#### PROBLEM STATEMENT:
Reproduce the listing below word for word, with no pictures.

#### DATASET CONTENT:
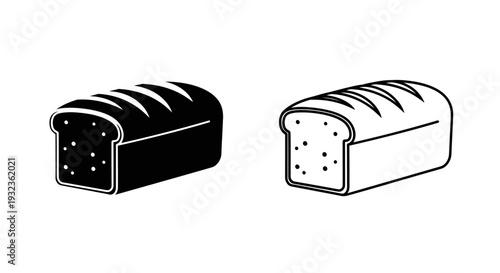 Bread loaf illustration Vector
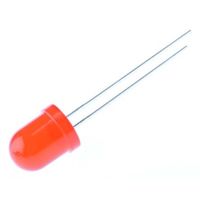 Kingbright Electronic LED， 赤， スルーホール実装， 8mm 砲弾型， Lー793ID 1ロット(5個)（直送品）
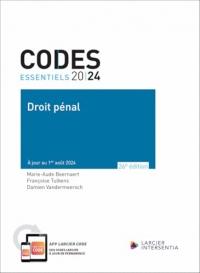 Code essentiel - Droit pénal 2024 - À jour au 1er août 2024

#### REPLY TO THE TASK:
 Bread loaf illustration Vector
 Kingbright Electronic LED， 赤， スルーホール実装， 8mm 砲弾型， Lー793ID 1ロット(5個)（直送品）
 Code essentiel - Droit pénal 2024 - À jour au 1er août 2024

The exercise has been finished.